De acordo com a Pesquisa Nacional por Amostra de Domicílios (Pnad) Educação (2025), do Instituto Brasileiro de Geografia e Estatística (IBGE), o Brasil contabilizava 8,4 milhões de analfabetos com 15 anos ou mais, o que representa 4,9% da população, o menor percentual desde o início da série histórica em 2016.
O ministro ressaltou que, conforme os parâmetros da Organização das Nações Unidas para a Educação, a Ciência e a Cultura (Unesco), esse patamar indica que o analfabetismo deixou de ser um problema estrutural no Brasil.
“Nós passamos 526 anos perseguindo esse número. De acordo com a Unesco, isso quer dizer que, no Brasil, pela primeira vez na história, o analfabetismo deixou de ser um problema estrutural. Nós estamos caminhando para a erradicação do analfabetismo”, afirmou o ministro.
O anúncio foi realizado durante um evento no Ceará, ao lado do ex-ministro da Educação e atual senador Camilo Santana (PT-CE) e do governador Elmano de Freitas.
Conforme o ministro, esse resultado reflete as políticas de recomposição de matrículas promovidas na Educação de Jovens e Adultos (EJA) desde 2023, após um cenário que se arrastava desde 2019, especialmente nas regiões Norte e Nordeste.
“Nós tivemos no ano passado 40 mil matrículas a mais do que nos anos anteriores. Isso já se mostra em resultados, já se mostra com a queda do analfabetismo”, comemorou o ministro.
O ministro também destacou três indicadores que apresentaram melhorias simultâneas: a queda de 61% no abandono escolar desde 2022, uma redução de 62% na reprovação em todo o país, e uma diminuição de 28% na distorção idade-série, que indica o número de alunos fora da idade adequada para a série que cursam.
“Pela primeira vez, nós temos esses três dados: diminuição do abandono, diminuição da reprovação e diminuição da distorção idade-série. Mas, mais do que isso, tudo isso aconteceu sem diminuir a qualidade da educação”, enfatizou o ministro.
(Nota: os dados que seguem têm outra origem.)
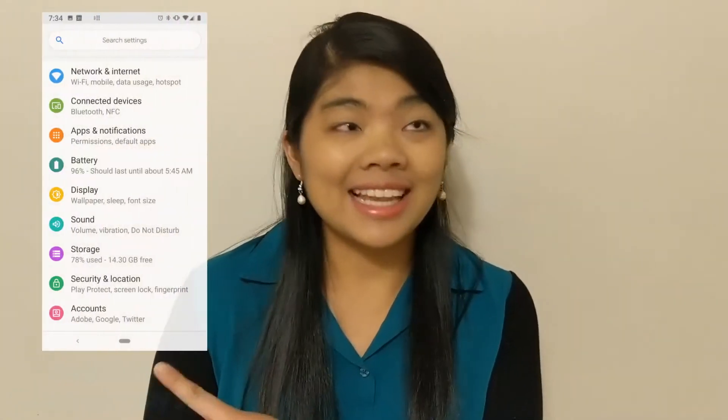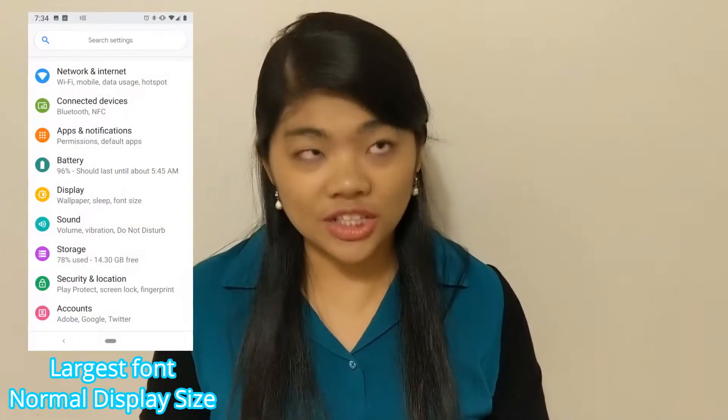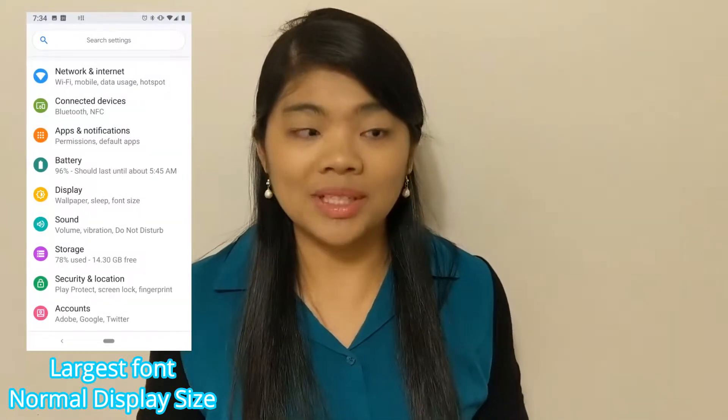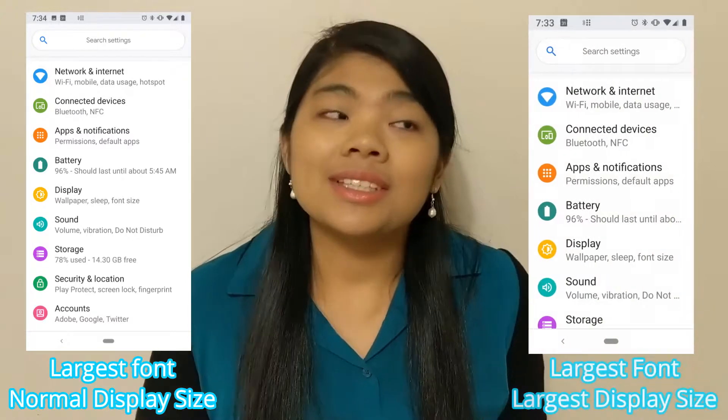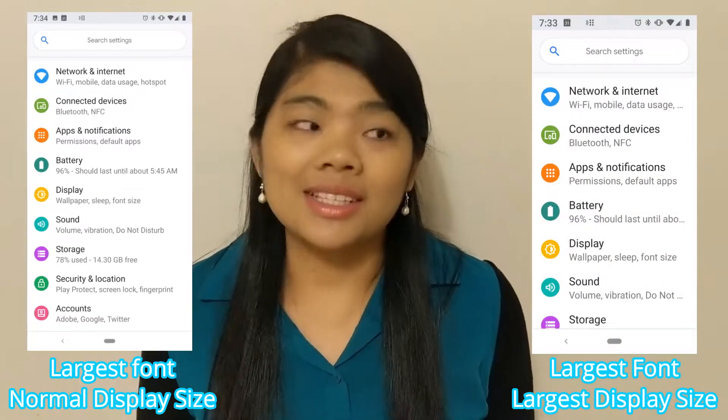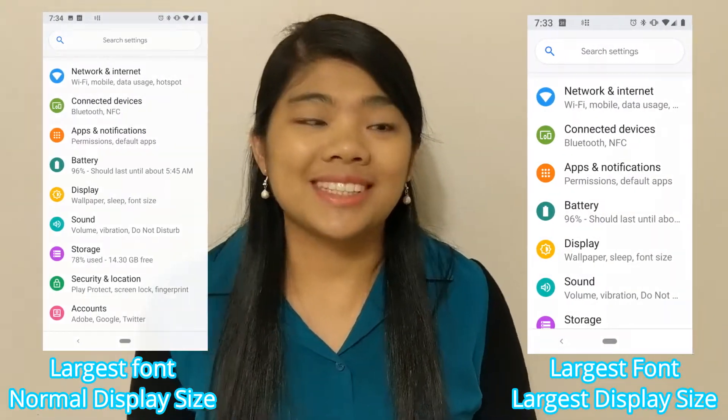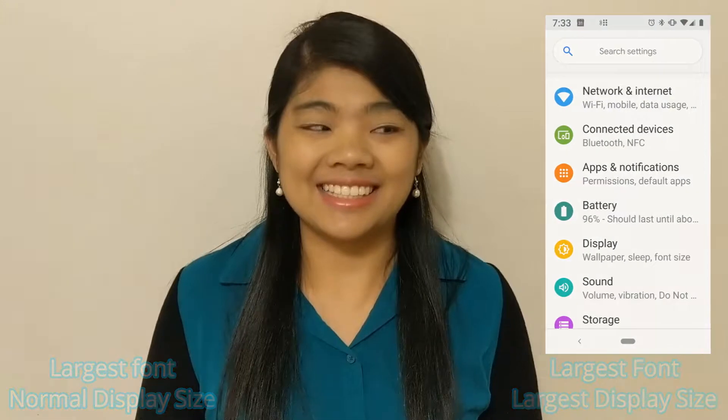So for example, if you look on the left, that screen is set to the largest font size but a normal display size, and if you look on the right, that one is still set to the largest font size but it's on the largest display size. This makes a really big difference for me. I have my phone set to the largest font size, the largest display size, and when that still isn't enough, I use the magnification gestures.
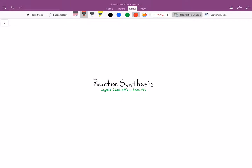Hey everyone, this is Josh. In this video we will be talking about reaction synthesis. These are a couple problems that were submitted to us. We're going to be talking about synthesis problems specific to organic chemistry 1.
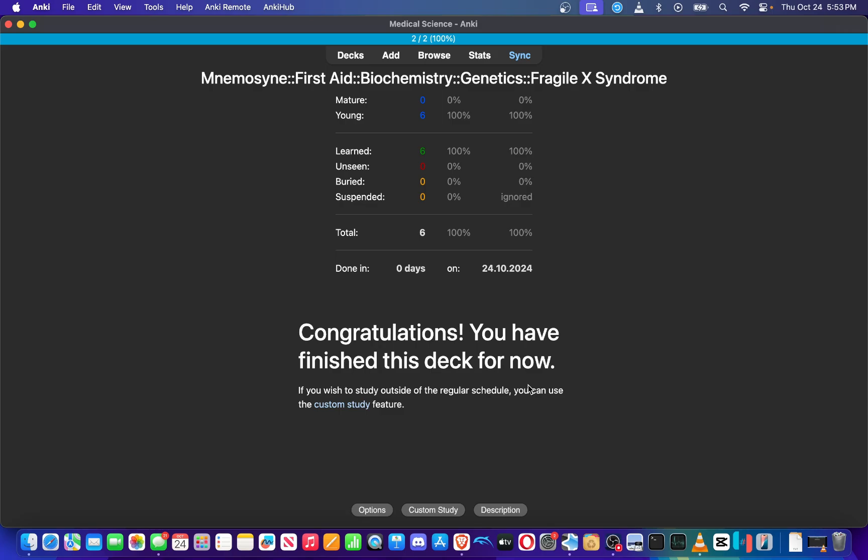But for now, yeah, this is the best tool I could find for deferring cards. If you guys have any questions or comments or any concerns regarding this add-on, please feel free to leave them down in the comment section below.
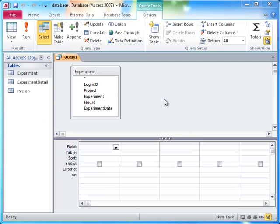In Access, we are able to nest one query inside of another to use the first query's results in place of a table. In other words, a query can provide the data source from which another query can select data, filter, sort, aggregate, etc.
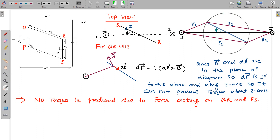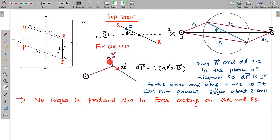Now, one by one, let us take all the wires and calculate the forces and torques. I'm picking this QR wire — whatever happens with QR wire will happen with PS wire also. On this QR wire, I'm calculating the force due to this wire. The magnetic field will form circular lines anticlockwise because this current is coming out of the plane. Drawing the R vector to any point on this wire, the magnetic field is tangential — forming circular lines.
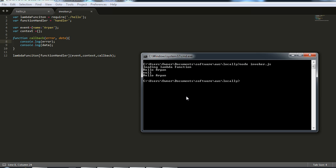Basically the aim of this video was to give you an idea of how to write lambda code locally or how to get started with it, and then you can add on to this function.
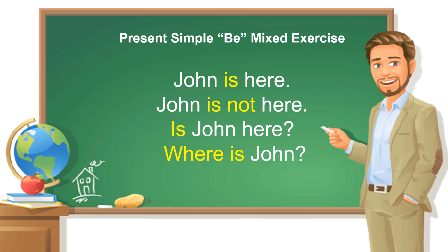Hello friends, this is teacher JB. Today we are studying present simple B mixed exercise.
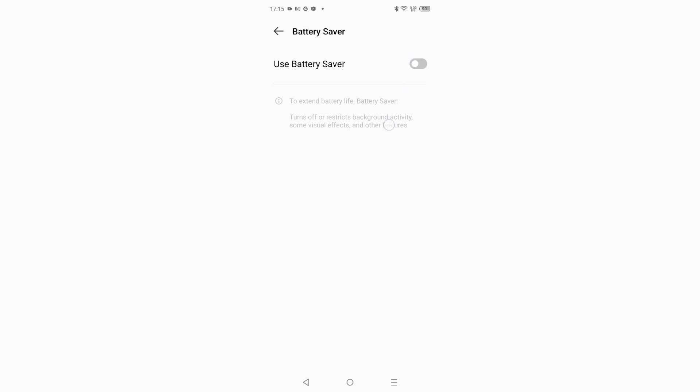Here you can see to extend battery life, Battery Saver turns off or restricts, then after that here you can see it turns off restricted background activity, some visual effects, and other features.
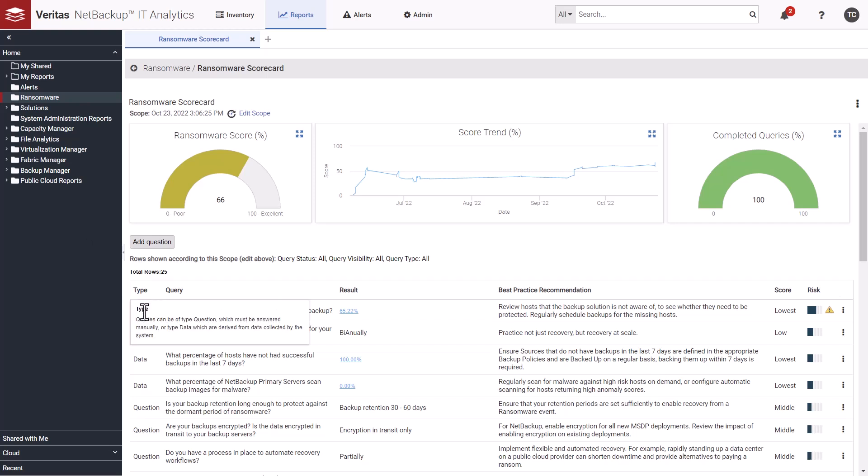The scorecard includes both data items collected by IT analytics and manual questions. Some aspects of ransomware resiliency can be difficult or impossible to determine from data collected by IT analytics. In these cases, users answer questions to complete the picture. For example, the existence of and training on a cybersecurity response plan is not something IT analytics can determine from the data it collects. So users need to answer these types of questions manually.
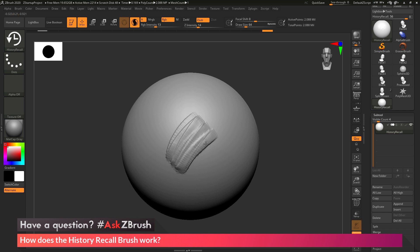If you have any other questions related to ZBrush pipelines or processes, please use the hashtag AskZBrush on Twitter. Happy ZBrushing!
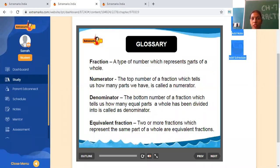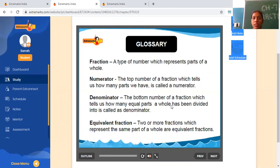A fraction is a type of number which represents part of a whole. The numerator is the top number of a fraction, which tells us how many parts we have. The denominator tells us how many equal parts make a whole. A fraction is equal to numerator upon denominator.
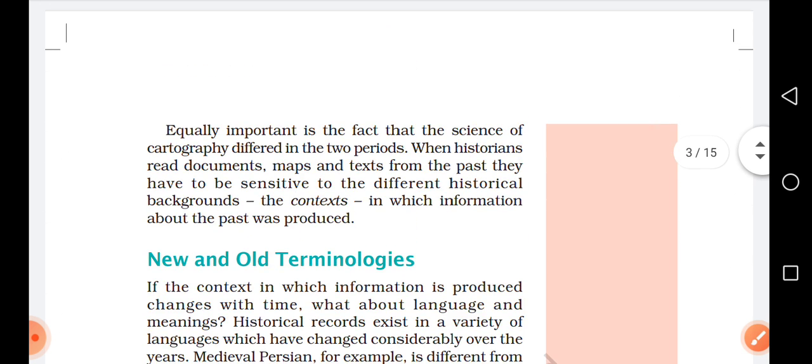Equally important is the fact that the science of cartography differed in the two periods. When historians read documents, maps and texts from the past, they have to be sensitive to the different historical backgrounds and the context in which information about the past was produced.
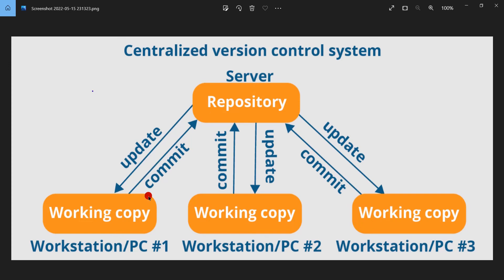Let's say he needs to fix a bug and changes a few files to fix it. Once he is done with the code change, he will merge the changes to the server, considering conflicts. If there are conflicts, he needs to get the latest changes from the server on his machine, fix the conflicts, and then merge the changes.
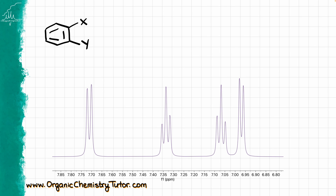Things get more interesting when we go to disubstituted aromatic compounds — very common on exams. Starting with the ortho-substituted aromatic compound where groups X and Y are different: all four protons on the aromatic ring should give separate signals. We expect a doublet, triplet, triplet, and another doublet. Looking at the spectrum, I have doublet, triplet, triplet, and another doublet — everything fits. Whenever you see two doublets and two triplets, that is the ortho-substituted aromatic ring.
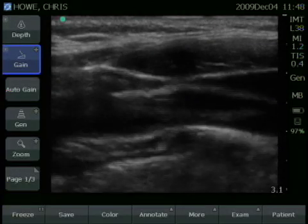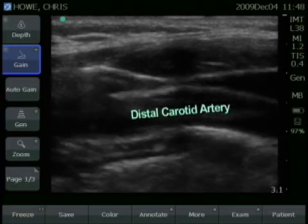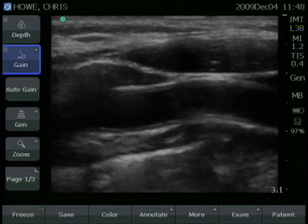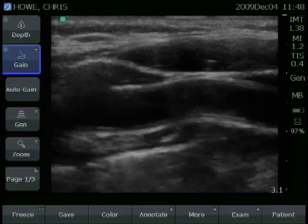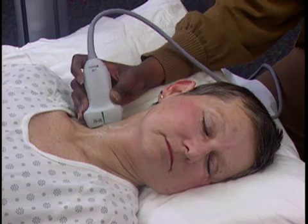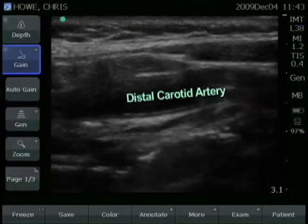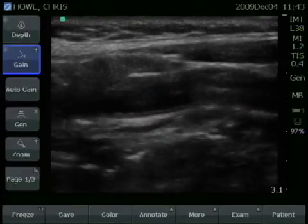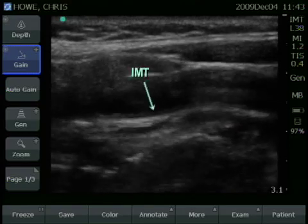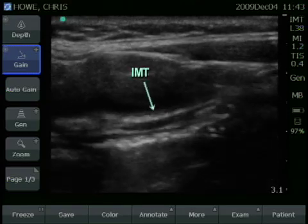You want to take your measurements from the distal portion of the common carotid artery just before the bifurcation. When acquiring your measurements, you'll always be scanning in the longitudinal plane. You'll have the artery in long and want to get a nice image of the IMT. You do not want to take your measurement within the bulb.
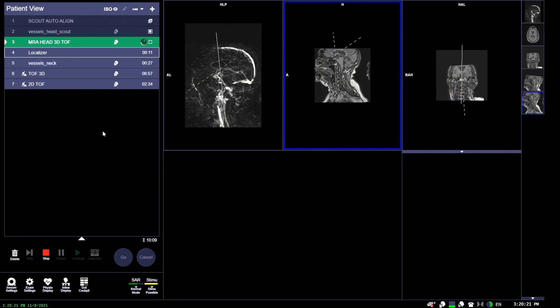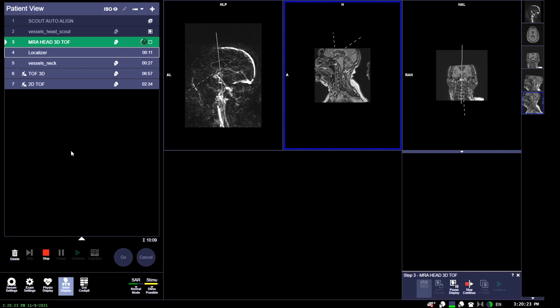As we continue on, this MRA is an actual MRA head and MRA neck together, so we're also positioning for the neck, which we will cover in a separate section.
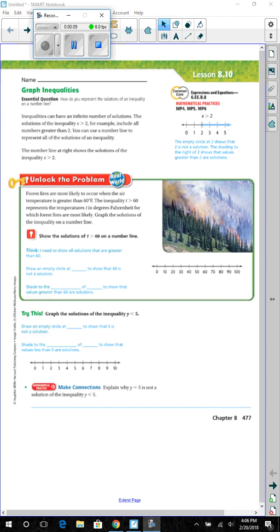Lesson 8.10, graphing inequalities. Essential question: how do you represent the solution of an inequality on a number line?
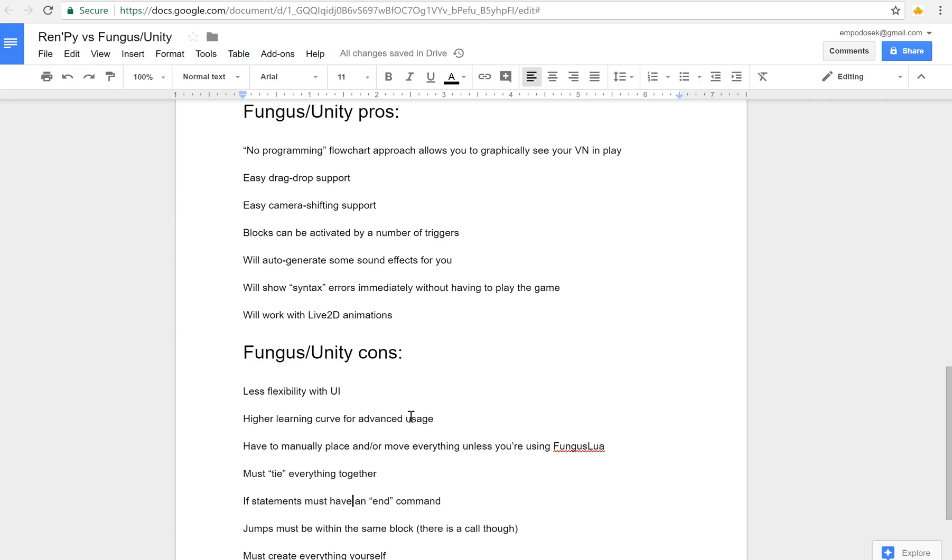If statements must have an end command. If you're used to programming in languages that don't require this, it's probably going to trip you up because I know it tripped me up when I first started playing with it. It's not a deal breaker but you'll end up with some errors and you'll be like why is this not working. And then you'll realize oh I forgot to put an end command in there. Okay so if you have a regular jump from some place to another place, jumps have to be within the same block. There is a call to go from block to block in the flowchart or even to a separate flowchart. Yes you can have more than one flowchart.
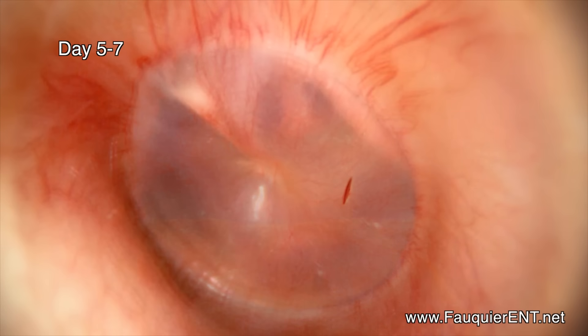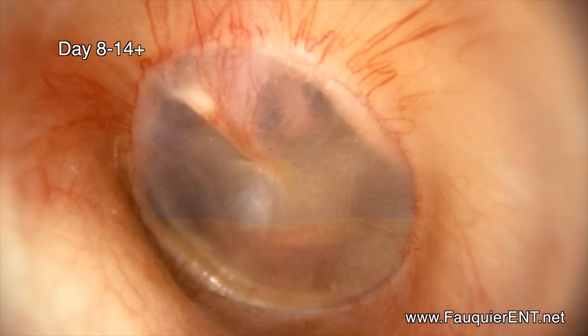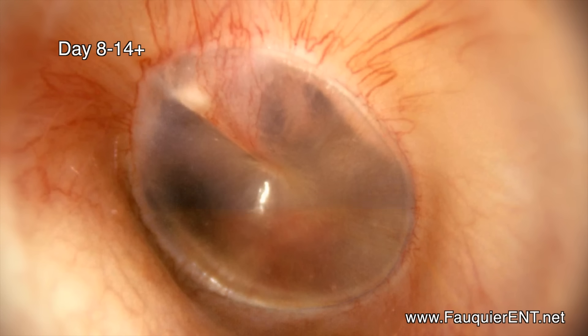Fluid trapped behind the eardrum may cause negative pressure to develop. At this point, the patient suffers from hearing loss as well as a clogged, muffled sensation.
Ele ainda mencionou outras ações federais implementadas desde 2023, como a expansão das escolas em tempo integral e a criação da estratégia nacional de Escolas Conectadas, que busca garantir internet em todas as escolas. Além disso, o ministro informou que a complementação da União no Fundeb aumentou em mais de R$ 40 bilhões, resultando no maior orçamento da história do Ministério da Educação.
Por fim, o ministro atribuiu os avanços aos efeitos do programa Pé-de-Meia, que incentiva a frequência escolar dos estudantes do ensino médio público.
“O Pé-de-Meia é um programa que existe com frequência escolar. Os jovens estão frequentando mais a escola, estão faltando menos, estão prestando mais atenção nas aulas”, concluiu Leonardo Barchini.